- _GOAL OF THE EXERCISE_:
Transcribe the listing exactly; drop the images.

- _INFORMATION SHOWN_:

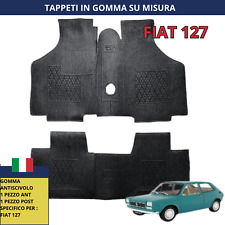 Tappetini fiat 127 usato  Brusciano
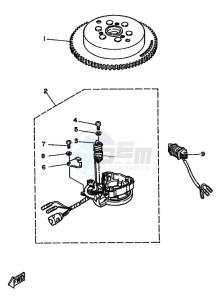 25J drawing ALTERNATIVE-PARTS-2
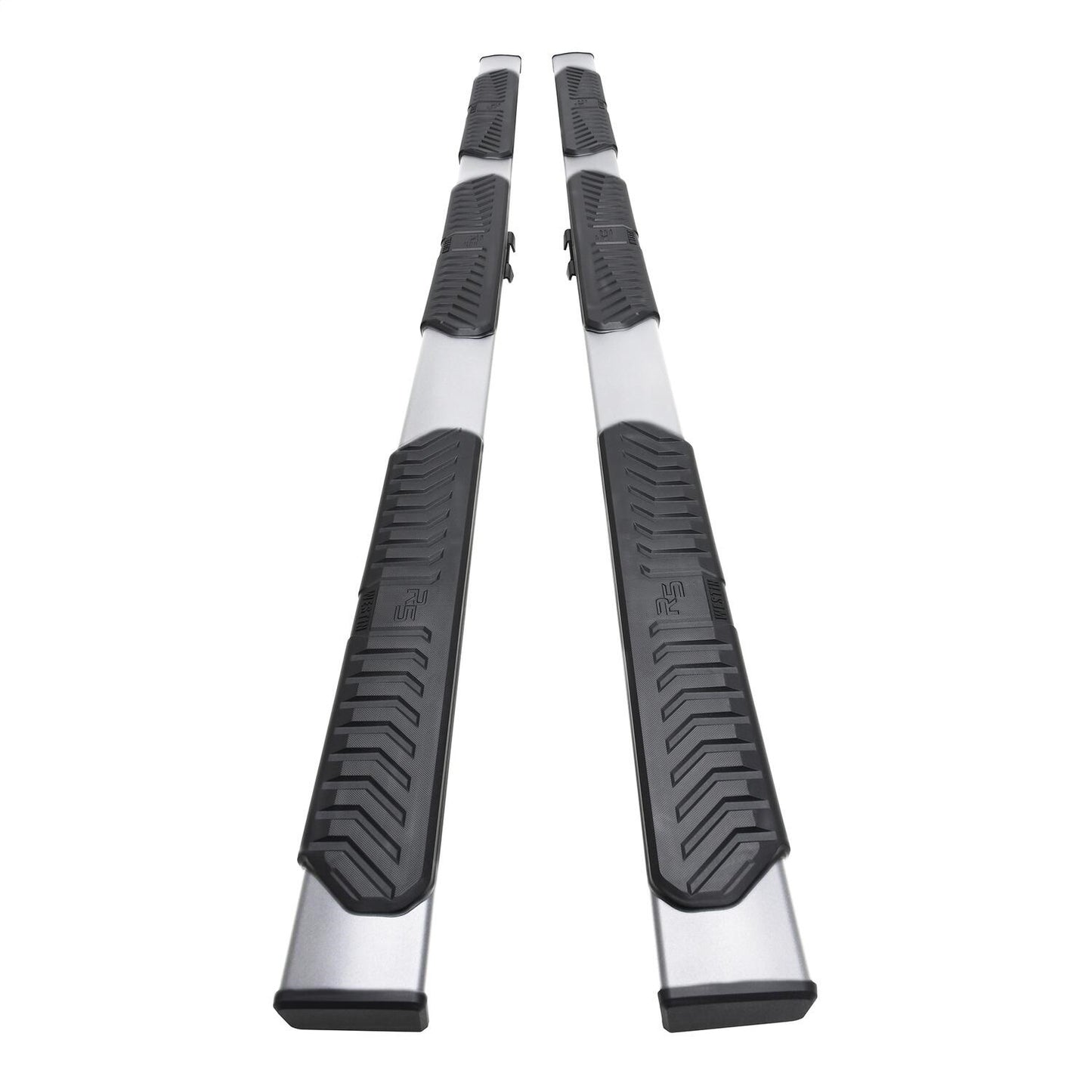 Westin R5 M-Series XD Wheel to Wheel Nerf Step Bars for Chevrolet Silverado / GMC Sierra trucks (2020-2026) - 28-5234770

- _COMPLETED TASK_:
 Tappetini fiat 127 usato  Brusciano
 25J drawing ALTERNATIVE-PARTS-2
 Westin R5 M-Series XD Wheel to Wheel Nerf Step Bars for Chevrolet Silverado / GMC Sierra trucks (2020-2026) - 28-5234770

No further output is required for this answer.